> **PROVIDED INFORMATION**:
*** Begin section ***
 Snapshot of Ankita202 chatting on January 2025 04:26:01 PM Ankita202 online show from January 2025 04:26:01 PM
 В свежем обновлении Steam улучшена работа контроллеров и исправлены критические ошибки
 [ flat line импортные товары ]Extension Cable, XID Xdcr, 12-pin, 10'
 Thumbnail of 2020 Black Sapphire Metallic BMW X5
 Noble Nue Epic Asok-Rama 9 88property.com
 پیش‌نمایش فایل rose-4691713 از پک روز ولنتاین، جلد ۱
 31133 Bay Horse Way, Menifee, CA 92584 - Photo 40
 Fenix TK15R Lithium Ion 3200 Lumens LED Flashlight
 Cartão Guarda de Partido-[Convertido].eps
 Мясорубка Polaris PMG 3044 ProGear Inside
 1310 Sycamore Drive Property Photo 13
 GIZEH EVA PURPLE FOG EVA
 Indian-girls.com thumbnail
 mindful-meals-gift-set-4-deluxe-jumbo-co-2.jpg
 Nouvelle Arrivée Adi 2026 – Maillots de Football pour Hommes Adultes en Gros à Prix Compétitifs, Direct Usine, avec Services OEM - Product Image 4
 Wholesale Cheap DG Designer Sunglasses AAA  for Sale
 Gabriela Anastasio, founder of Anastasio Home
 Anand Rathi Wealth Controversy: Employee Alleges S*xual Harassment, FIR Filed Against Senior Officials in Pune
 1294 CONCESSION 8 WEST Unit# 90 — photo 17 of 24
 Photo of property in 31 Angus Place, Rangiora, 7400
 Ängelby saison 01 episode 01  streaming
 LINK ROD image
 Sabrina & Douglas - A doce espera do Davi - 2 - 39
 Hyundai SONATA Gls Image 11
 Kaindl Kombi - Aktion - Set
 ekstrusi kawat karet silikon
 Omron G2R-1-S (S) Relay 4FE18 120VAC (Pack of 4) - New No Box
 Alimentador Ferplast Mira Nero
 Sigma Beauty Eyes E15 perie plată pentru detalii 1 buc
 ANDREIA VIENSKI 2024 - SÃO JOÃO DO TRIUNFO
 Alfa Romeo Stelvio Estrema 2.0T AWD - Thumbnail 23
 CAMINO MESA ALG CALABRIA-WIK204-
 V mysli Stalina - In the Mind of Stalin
*** End section ***
Every line above is to be transcribed exactly, with nothing missed.

> **RESPONSE**:
 Snapshot of Ankita202 chatting on January 2025 04:26:01 PM Ankita202 online show from January 2025 04:26:01 PM
 В свежем обновлении Steam улучшена работа контроллеров и исправлены критические ошибки
 [ flat line импортные товары ]Extension Cable, XID Xdcr, 12-pin, 10'
 Thumbnail of 2020 Black Sapphire Metallic BMW X5
 Noble Nue Epic Asok-Rama 9 88property.com
 پیش‌نمایش فایل rose-4691713 از پک روز ولنتاین، جلد ۱
 31133 Bay Horse Way, Menifee, CA 92584 - Photo 40
 Fenix TK15R Lithium Ion 3200 Lumens LED Flashlight
 Cartão Guarda de Partido-[Convertido].eps
 Мясорубка Polaris PMG 3044 ProGear Inside
 1310 Sycamore Drive Property Photo 13
 GIZEH EVA PURPLE FOG EVA
 Indian-girls.com thumbnail
 mindful-meals-gift-set-4-deluxe-jumbo-co-2.jpg
 Nouvelle Arrivée Adi 2026 – Maillots de Football pour Hommes Adultes en Gros à Prix Compétitifs, Direct Usine, avec Services OEM - Product Image 4
 Wholesale Cheap DG Designer Sunglasses AAA  for Sale
 Gabriela Anastasio, founder of Anastasio Home
 Anand Rathi Wealth Controversy: Employee Alleges S*xual Harassment, FIR Filed Against Senior Officials in Pune
 1294 CONCESSION 8 WEST Unit# 90 — photo 17 of 24
 Photo of property in 31 Angus Place, Rangiora, 7400
 Ängelby saison 01 episode 01  streaming
 LINK ROD image
 Sabrina & Douglas - A doce espera do Davi - 2 - 39
 Hyundai SONATA Gls Image 11
 Kaindl Kombi - Aktion - Set
 ekstrusi kawat karet silikon
 Omron G2R-1-S (S) Relay 4FE18 120VAC (Pack of 4) - New No Box
 Alimentador Ferplast Mira Nero
 Sigma Beauty Eyes E15 perie plată pentru detalii 1 buc
 ANDREIA VIENSKI 2024 - SÃO JOÃO DO TRIUNFO
 Alfa Romeo Stelvio Estrema 2.0T AWD - Thumbnail 23
 CAMINO MESA ALG CALABRIA-WIK204-
 V mysli Stalina - In the Mind of Stalin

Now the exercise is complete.